Guardian Readers on Buffy as a Role Model. Guardian readers point out that David Bell's promotion of Buffy as a good role model for girls might be a bit wide of the mark :)

Save the world, don't blow up the high school, save the world, don't blow up the high school...

I think I'll be a good role model and choose not blowing up the high school.

ETA- These people frighten me. Seriously. :P [rollseyes]

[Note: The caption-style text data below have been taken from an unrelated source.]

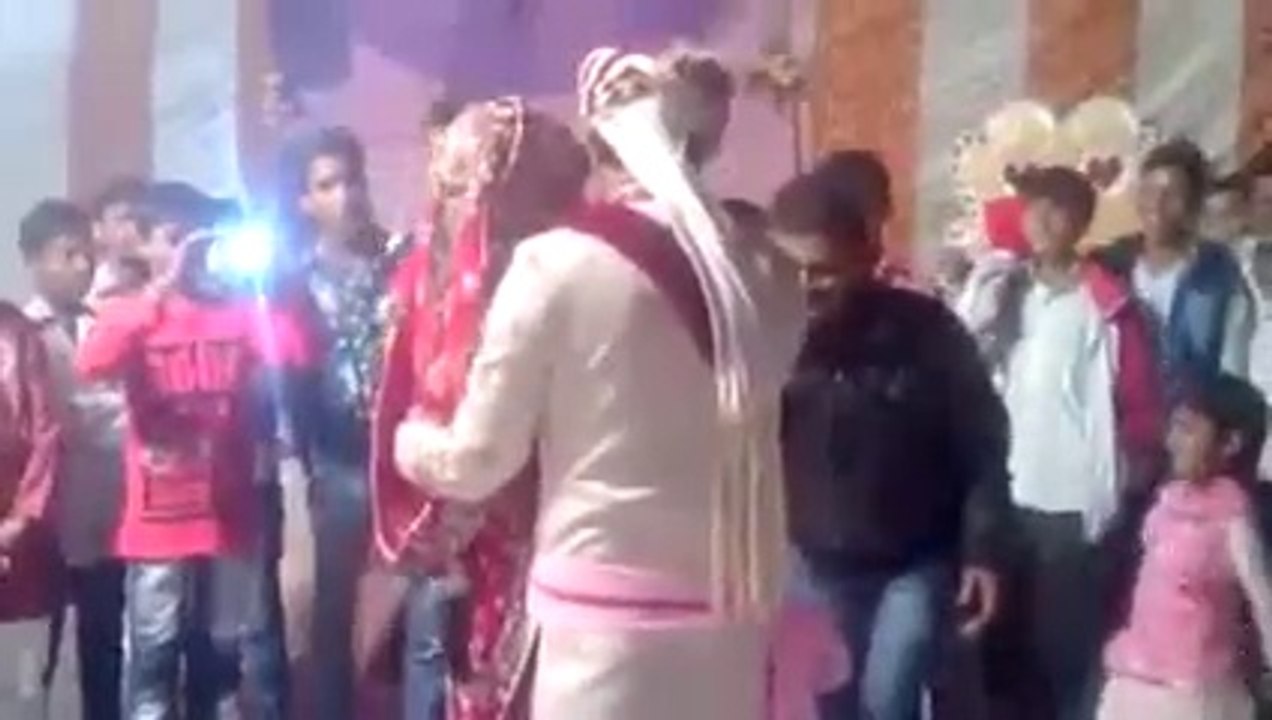 A stupid Groom marriage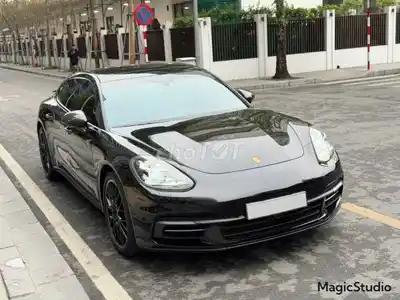 Porsche Panamera 4 Executive 2019 Черный 48000 миль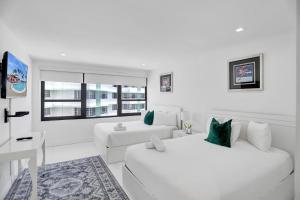 2BR 2BA condo with beach service 1616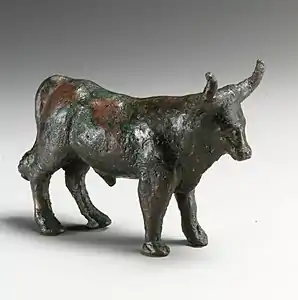Taureau étrusque en bronze, entre le Ier siècle av. J.-C. et le IIe siècle apr. J.-C., Metropolitan Museum of Art.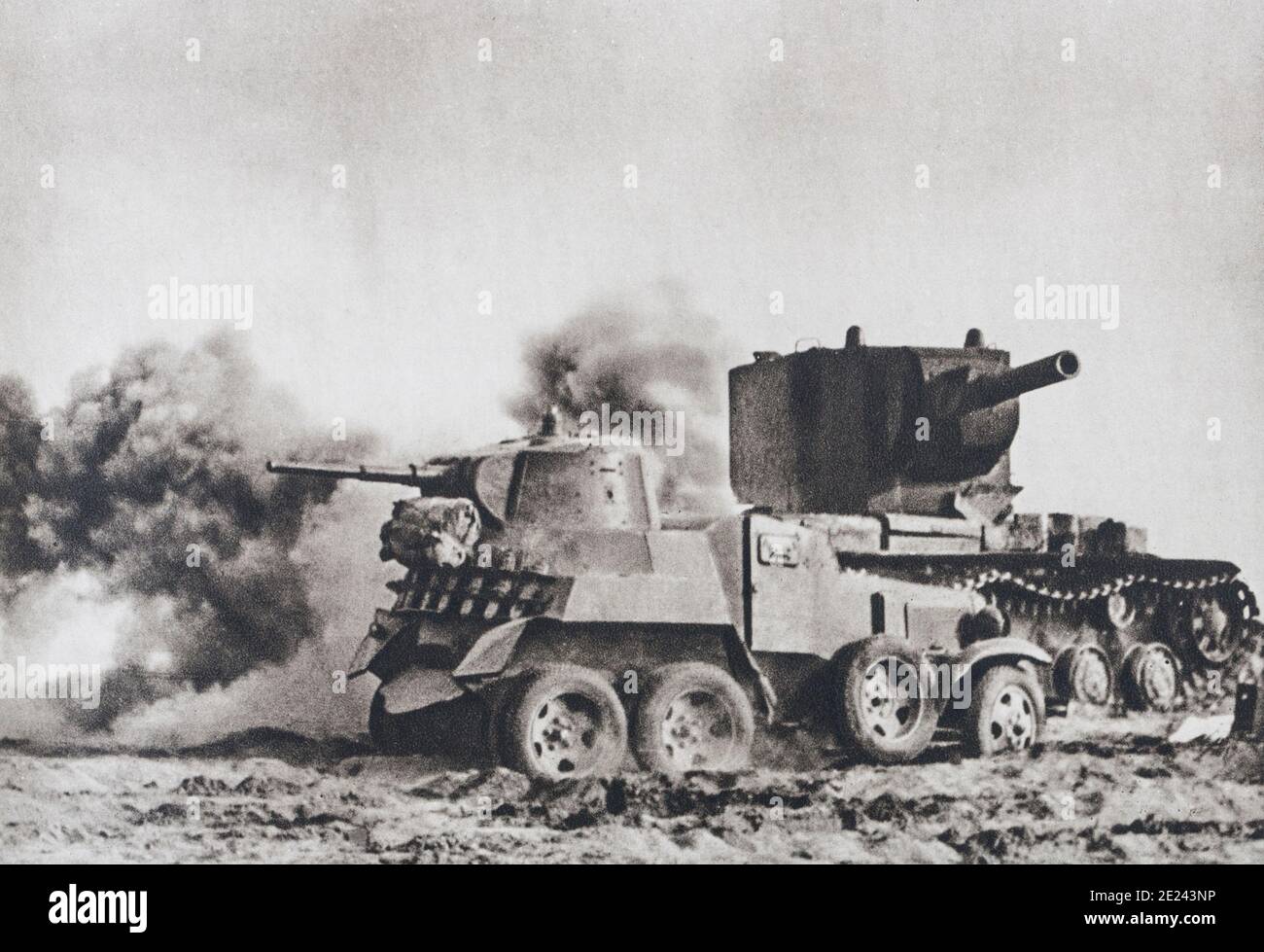 Schwere sowjetische Panzer in den Kampf mit den deutschen Panzern und Artillerie zerstört. Sommer 1941 Stockfoto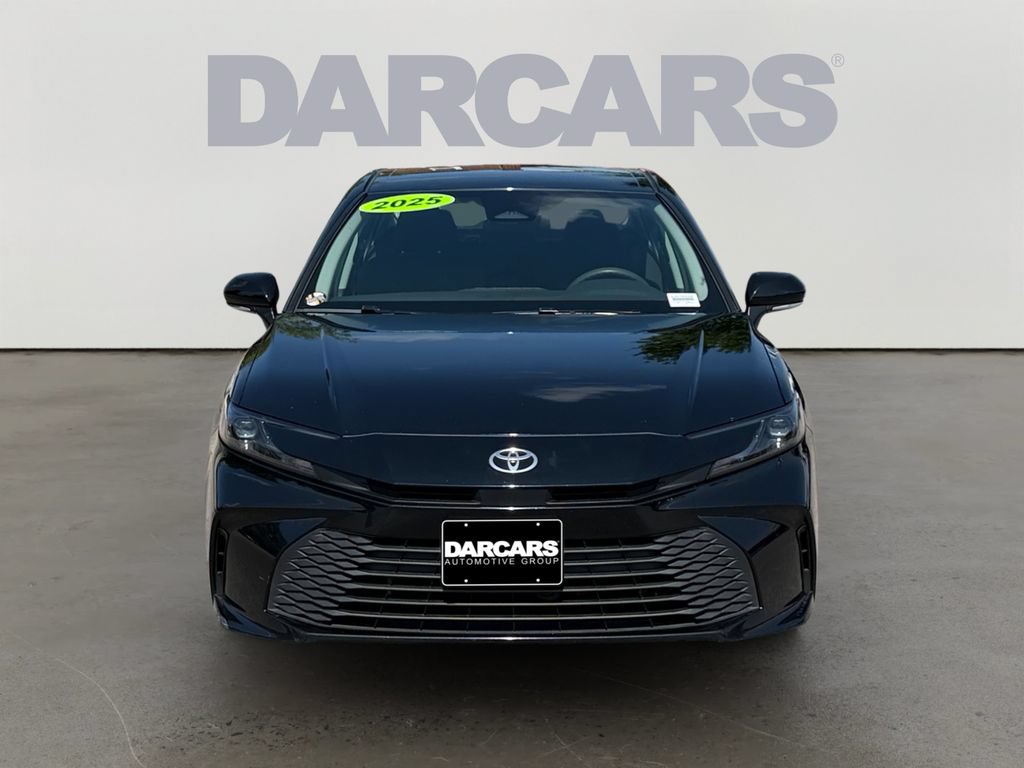 Used 2025 Toyota Camry LE FWD image 2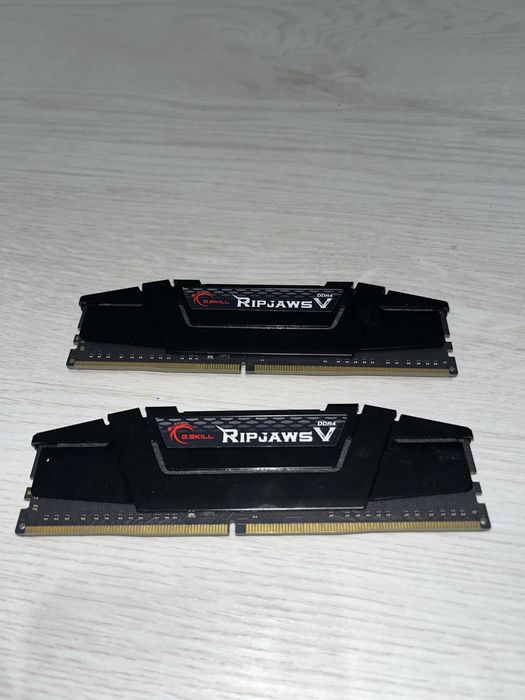 G.SKILL 16GB (2x8GB) 3200MHz CL16 Ripjaws V Black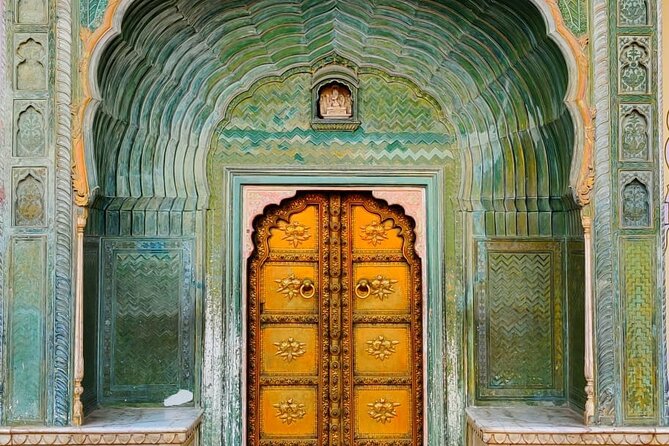 2-Day Private Jaipur City Sightseeing Tour with Three Forts - Royal Gaitor Tumbas, a quieter final stop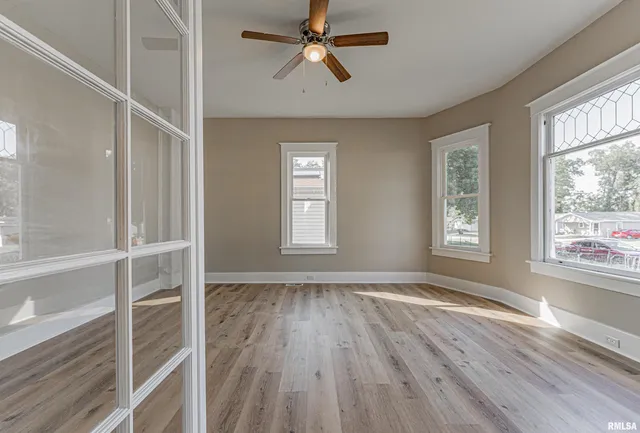 $220,000 | 929 Decatur Street, Lincoln, IL 62656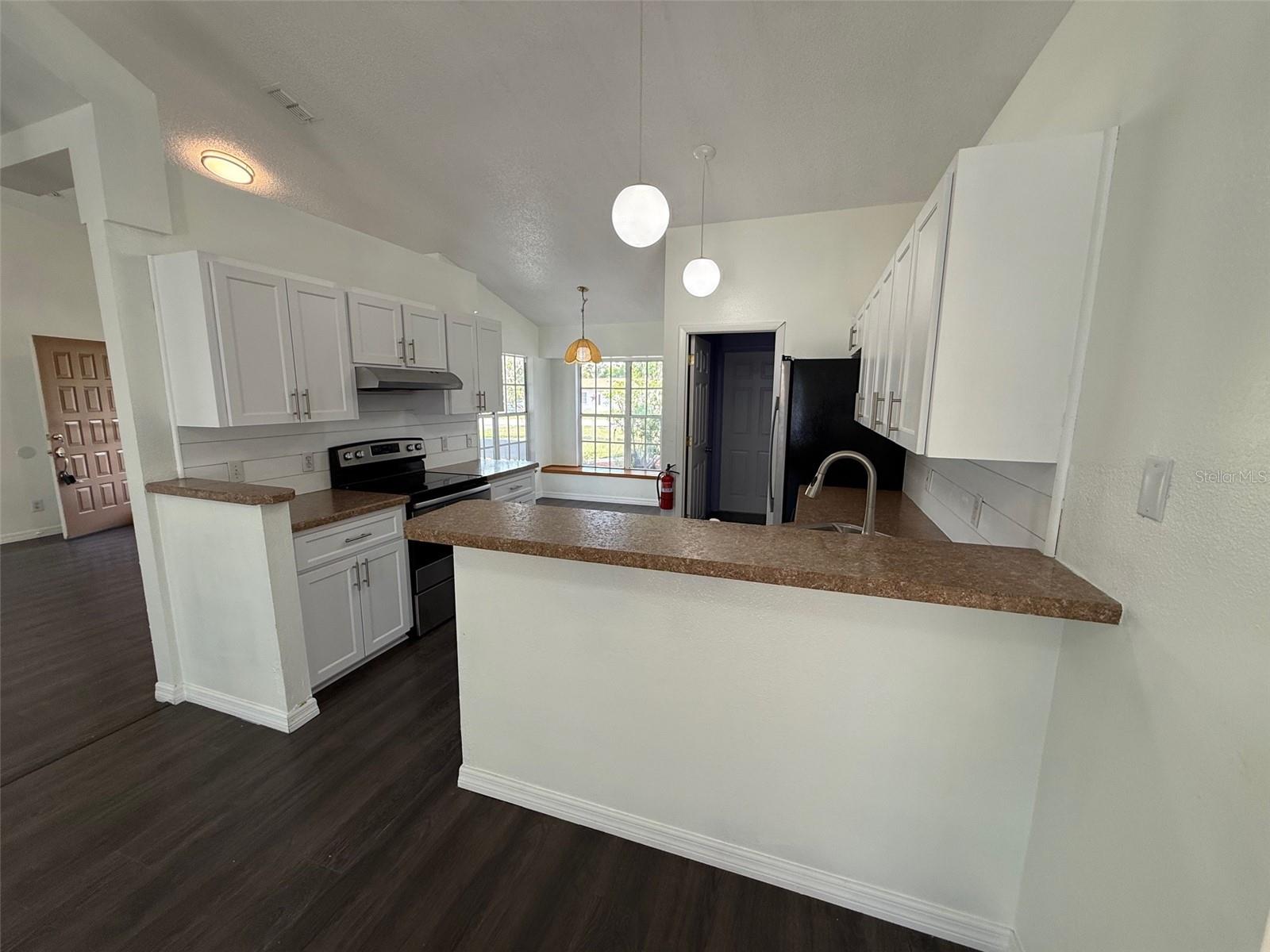 Image 7 of 20 For 13102 Linden Drive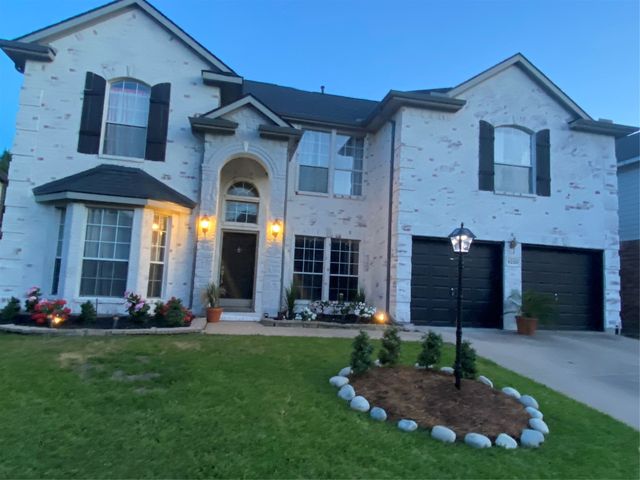 5220 Selago Drive, Fort Worth, TX 76244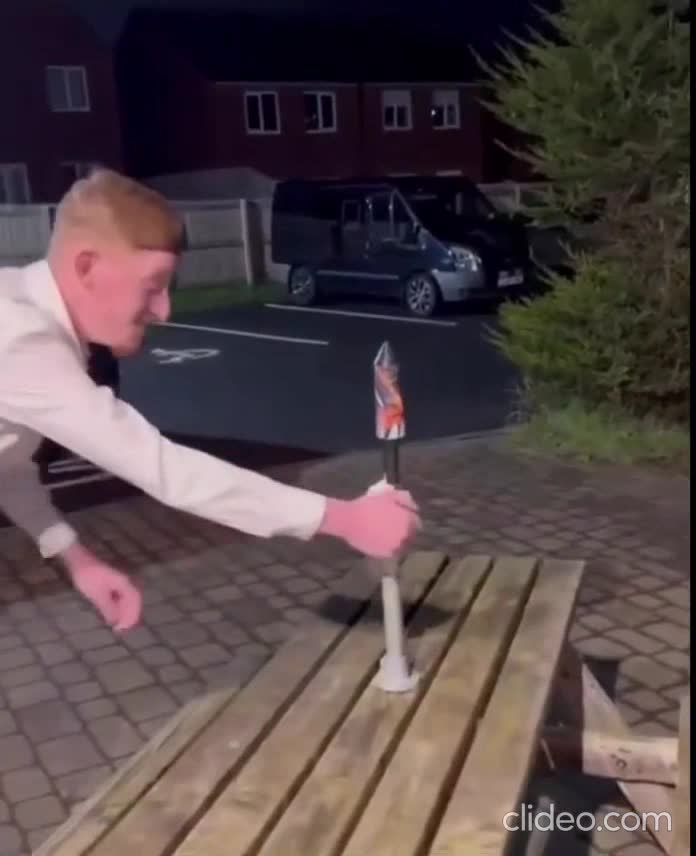 Bonne tête de vainqueur celui là.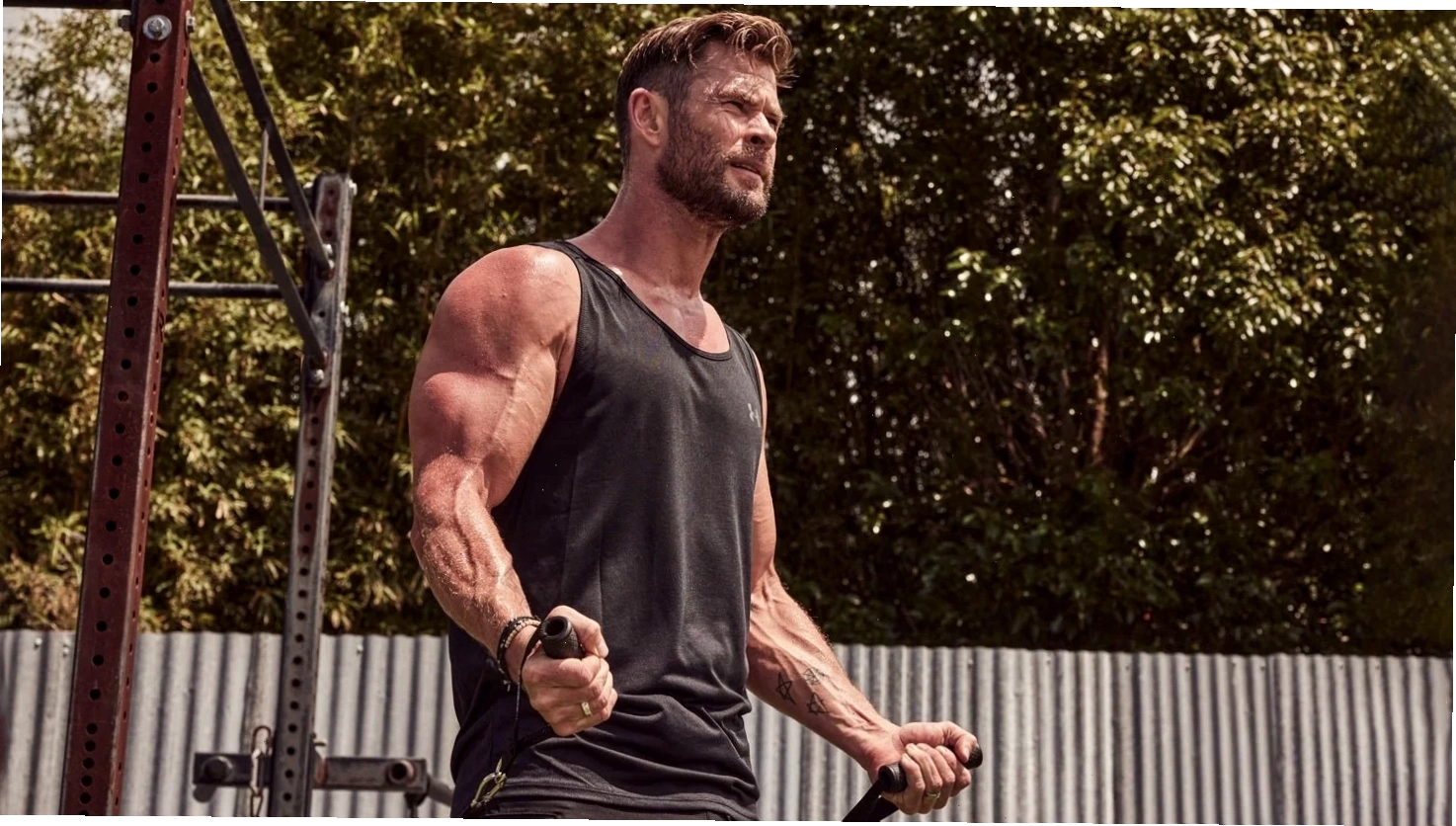Tập luyện để xây dựng cơ bắp theo phong cách của Chris Hemsworth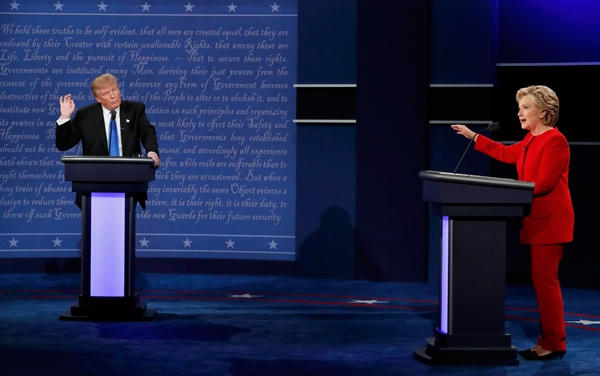 Hai ứng viên tranh luận. (Ảnh: Reuters)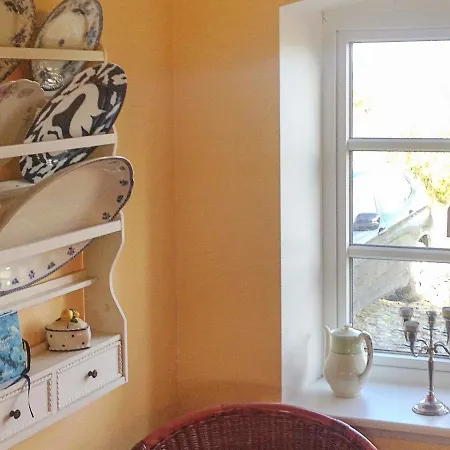Three-bedroom Holiday In 4 Feriehus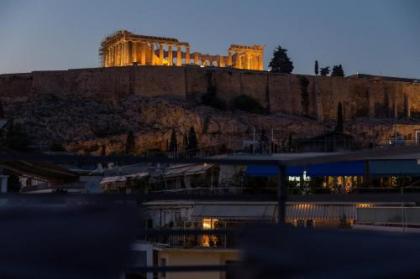 Acropolis Stylish Suite - image 5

[ edited by forcorreo on 2004-03-09 12:58 ]
Good thing they didn't mention what happened to the two principals, the umpteen student deaths and the various misfortunes that happened to the teachers. Jenny why did you have to die *sobs*.
Yeah, that was scary.
I think, if these people actually watched the show, that they totally missed the point. Yes, Buffy might've been a bit sarcastic and disrespectful to people like the Mayor and Snyder but, hey, the Mayor was evil and Snyder clearly wasn't working on the side of good. Also, when her boyfriend killed the teacher, it was the demon part of him and not the part with a soul. And yes she was guilty of destroying the school a couple of times but to save the lives of thousands. And it wasn't actually her fault that Sunnydale was destroyed, we can actually blame that one on Angel, he is the one who brought the amulet that Spike wore that destroyed the town (of course, again, it was to save the world).

It just really pisses me off to read stuff like this. These people are obviously deliberatly not telling the whole story when they nitpick about what happened on Buffy or they don't really know the story at all, or they are just brainless, witless, idiots!!
I'm a little confused. Were these people not being tongue-in-cheek? Am I to understand they were serious?? I mean we can joke like that on these boards. And anyone who knows Buffy's history this well is a reglar viewer right? Weren't they just joking around?
Why doesn't anyone celebrate Willow as a role model? Everyone's talking about homosexuals these days. Why shouldn't the way they portrayed Willow's homosexuality be featured in the media debate? I'm a full-fledged heterosexual man, and even I consider Willow a role model.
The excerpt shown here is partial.